Бенуа опять заговорил.
– Нас было девять детей. Иногда мне, младшему, даже не хватало внимания, как мне кажется. Я знаю, что она взрастила нас. Девять детей. Разных. Она была очень живая всю жизнь, и я очень любил ее.
Но без ее смерти я не могу себе представить время. Я не могу себе представить, что мои дети растут. Потому что смерть должна давать плоды, должна помогать детям расти. Мама сейчас во мне, в моих детях. Это нормально, естественно. Мы должны есть, пить, смеяться, любить, рождать детей и умирать. После этого они должны есть и пить.
Опять как у Рабле. Помнишь, как хохотал и плакал одновременно
Пантагрюэль, когда его жена умерла во время рождения Гаргантюа? Он был рад ребенку и плакал по жене.
Мне не хочется признать, что не помню. Гомера в институте с грехом пополам прочитал, а Рабле нет. Рабле был на более старших курсах. Я просто киваю, Бенуа все равно поверит. Он весь в себе, в своих переживаниях.
– Мне хочется побывать в той Сибири, о которой ты пишешь, может быть, там еще осталось это? Смерть и жизнь вместе, как шампунь и кондиционер в одной упаковке? Это шутка. Не думай, что я такой бессердечный, что шучу сейчас. Но любовь, секс, дети, еда, старость, смерть, смех, жизнь, слезы, пиво – все это должно быть вместе. Тогда
– радость. Как только что-то убираешь, то все остальное теряет смысл. Если из любви убрать пиво или еду, то это не любовь. А мы все время что-то убираем. – Он даже остановился на шоссе, между пряничными домиками с тыквами. Повернулся ко мне. – Я, может быть, не всегда умею так жить, но мне кажется, что я так хочу.
Потом Бенуа притормозил уже перед своротком на виллу, колеса зашуршали по гравийной дорожке. Мы проехали через парк, остановились возле крылечка.
Я вышел из машины, вытащил свой рюкзак, и Бенуа протянул мне руку.

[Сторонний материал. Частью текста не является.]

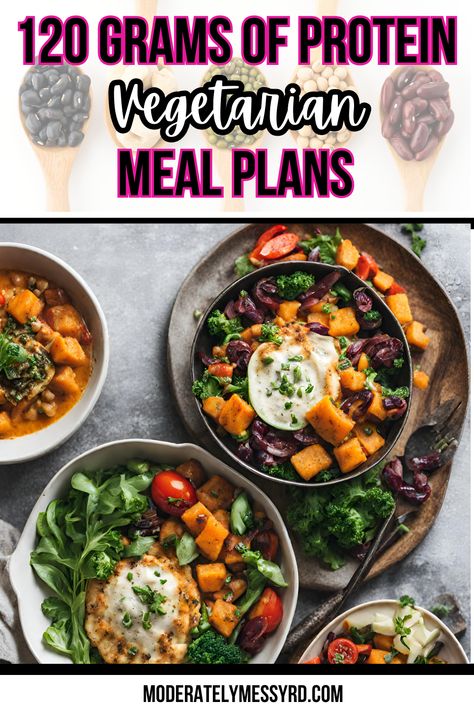 The power of a plant-based diet is on the rise! Whether you're a vegetarian or just trying to eat more plant-based meals, prioritizing protein - especially reaching 120 grams of protein per day- can be challenging. This post includes 120 grams of protein vegetarian meal plans with recipe ideas with at least 20 grams of protein per serving. Plant Based Bodybuilding Meal Plan, Easy High Protein Veggie Meals, Bowmar Protein Recipes, Vegetarian Macros Meal Plan, 1800 Calorie Meal Plan Vegetarian, High Plant Protein Meals, 30 Grams Of Protein Vegetarian, 20 Grams Of Protein Meals, Protein Options For Vegetarians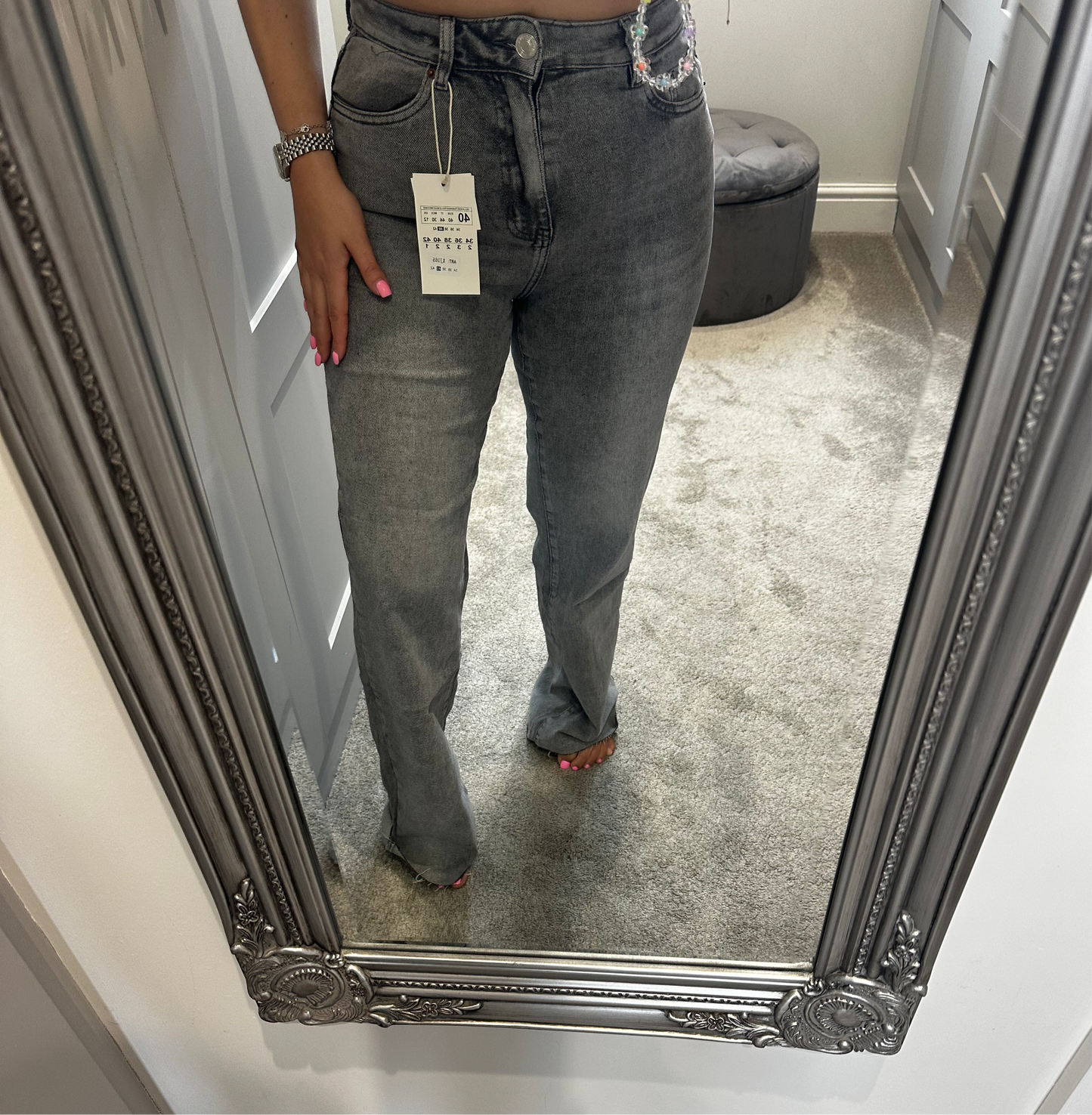 Viral Grey Raw Hem Jeans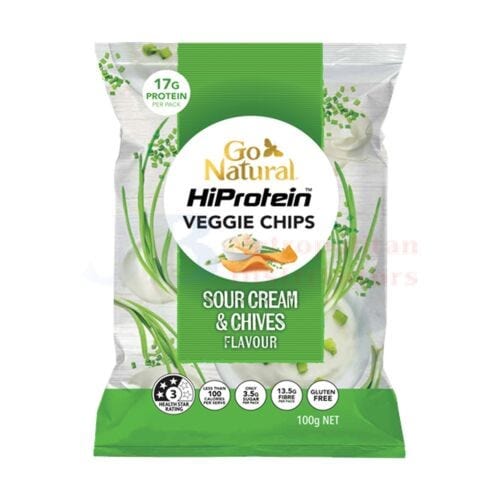 Go Natural Hi Protein Veggie Chips Sour Cream & Chives 100g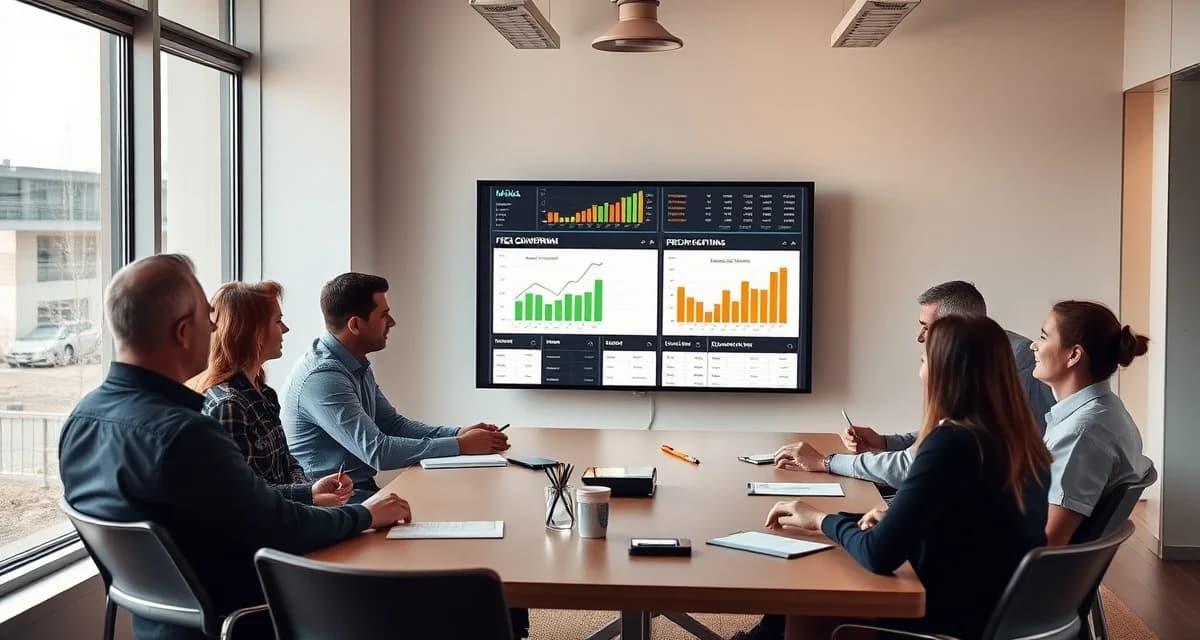 Weekly KPI review meeting for insect protein production operations Cricket farm operations team reviewing KPI metrics and feed conversion ratio performance data during weekly management meeting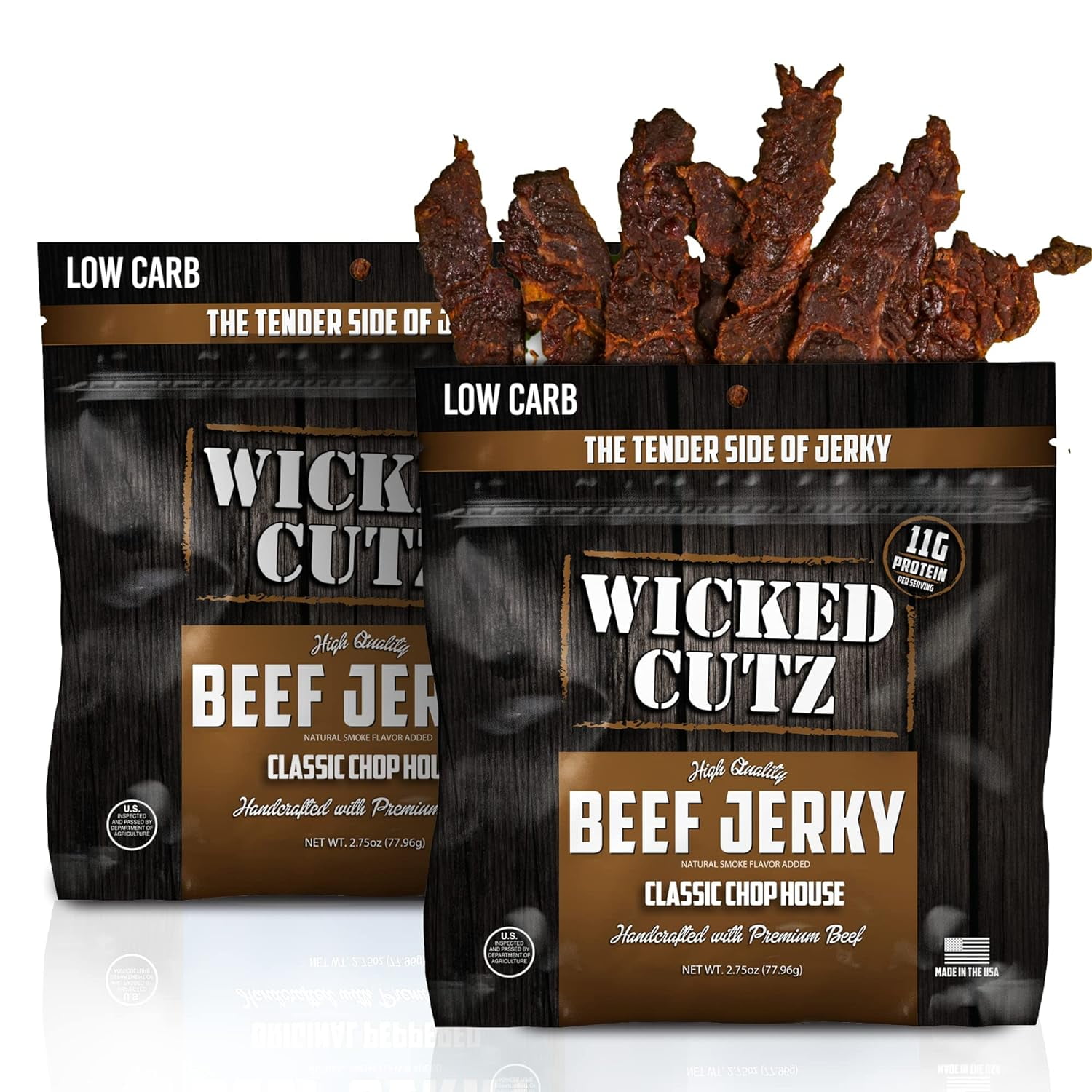 Wicked Cutz Premium Tender Beef Jerky, High Quality, Chop House, 11g Protein, 2.75 oz, 2Pack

– Спасибо, – потом захлопнул дверцу и уехал.
Я часок поиграл в пасьянс на компьютере, потом решил, что смерть мамы Бенуа может каким-нибудь образом подтолкнуть меня к творчеству.
Опять открыл записи бабушкиных рассказов, у нее тоже было что-то про смерть.
Бабушка у нас в тридцать втором году умерла. Как раз в Петров день.
Мне одиннадцать лет было. Она уже плохо стала себя чувствовать, бабушка наша. А у нас совсем нечего есть. Знаешь, какой голод тогда был? И отца-то дома не было, он нанялся в Ленинград тогда. Мы и пошли с матерью в Буртас на заработки – там полоть. Брат мой Ленька с нами не пошел: “Я останусь здесь, я не буду работать. Буду здесь”.